> _TASK INPUT_:
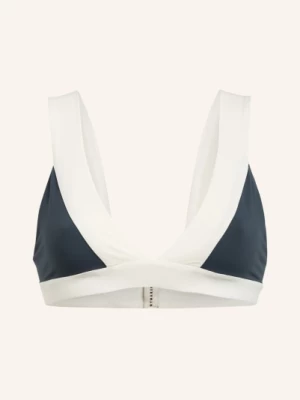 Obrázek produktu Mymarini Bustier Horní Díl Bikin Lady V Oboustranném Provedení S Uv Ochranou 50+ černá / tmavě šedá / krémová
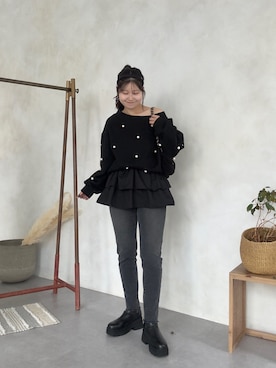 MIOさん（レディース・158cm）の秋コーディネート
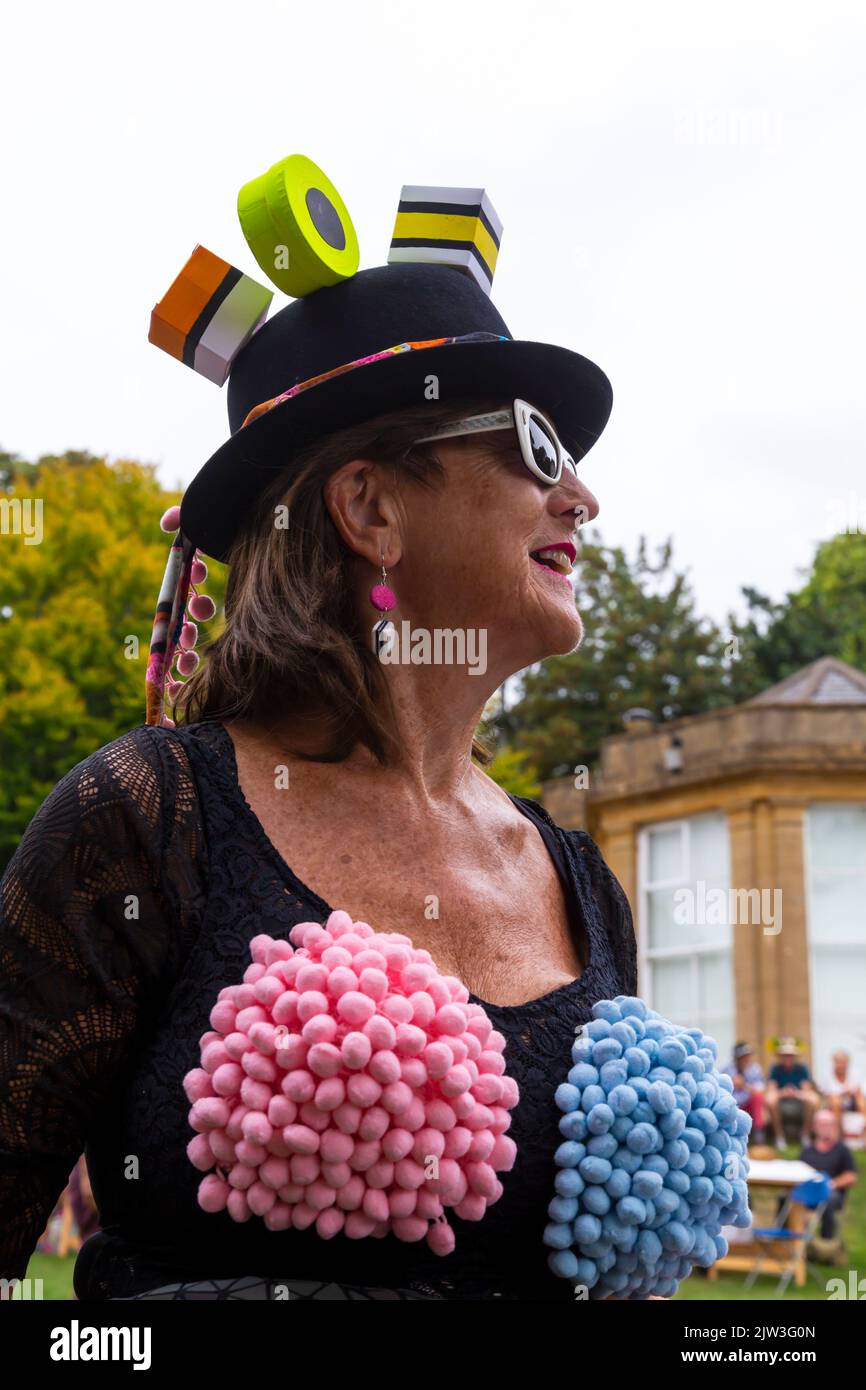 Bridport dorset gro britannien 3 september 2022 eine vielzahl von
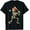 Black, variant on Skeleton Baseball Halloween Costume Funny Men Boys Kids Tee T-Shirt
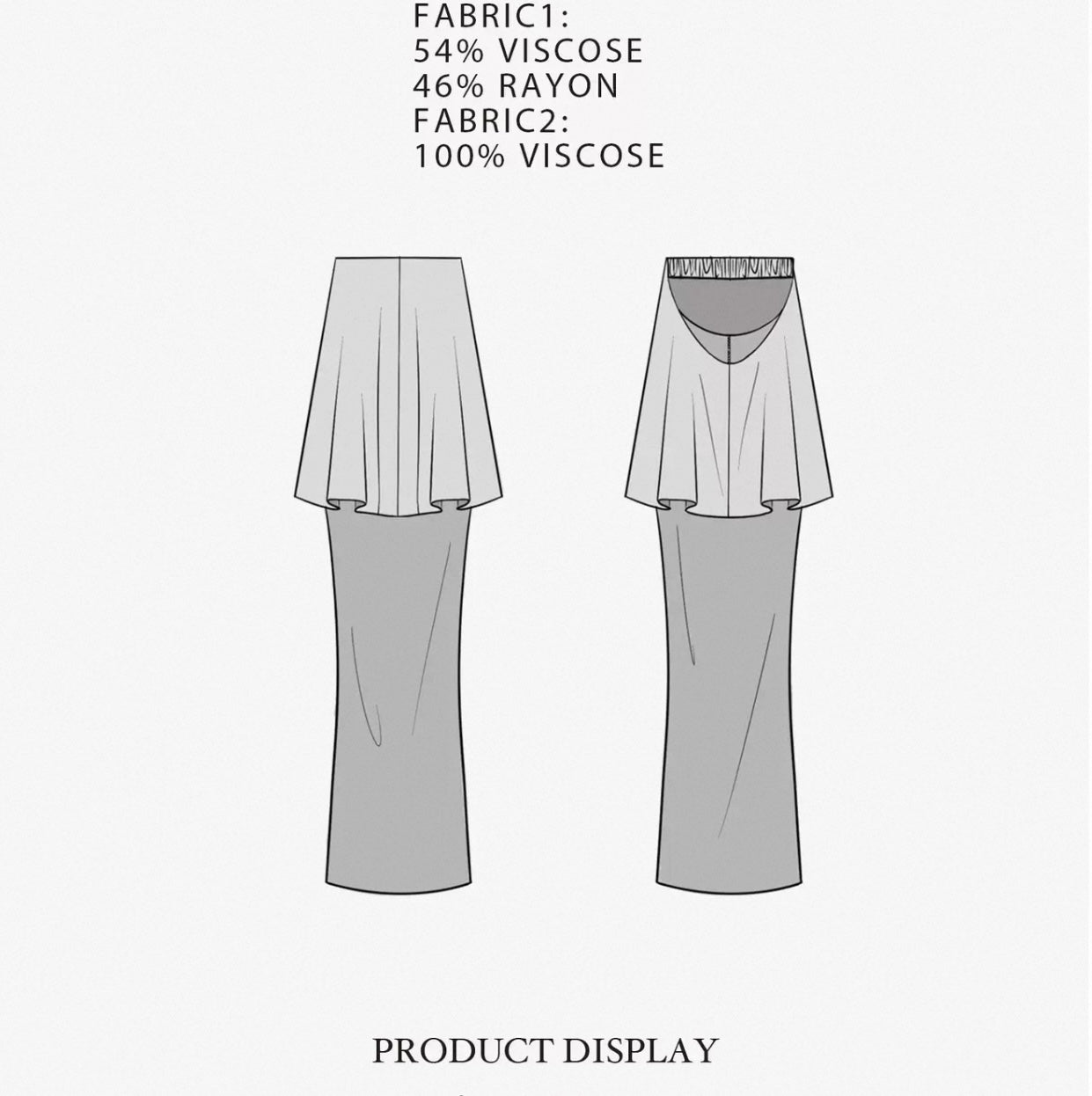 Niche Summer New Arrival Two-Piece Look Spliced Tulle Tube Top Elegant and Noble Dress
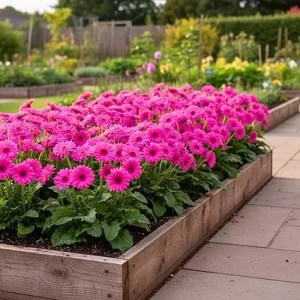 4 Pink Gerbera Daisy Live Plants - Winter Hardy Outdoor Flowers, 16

> _ACTION ITEM_: Start with the line holding "MIOさん（レディース・158cm）の秋コーディネート" and repeat exactly every line through the final line of the records above, but no pictures and nothing more.

> _EXERCISE RESULT_:
 MIOさん（レディース・158cm）の秋コーディネート
 Bridport dorset gro britannien 3 september 2022 eine vielzahl von
 Black, variant on Skeleton Baseball Halloween Costume Funny Men Boys Kids Tee T-Shirt
 Niche Summer New Arrival Two-Piece Look Spliced Tulle Tube Top Elegant and Noble Dress
 4 Pink Gerbera Daisy Live Plants - Winter Hardy Outdoor Flowers, 16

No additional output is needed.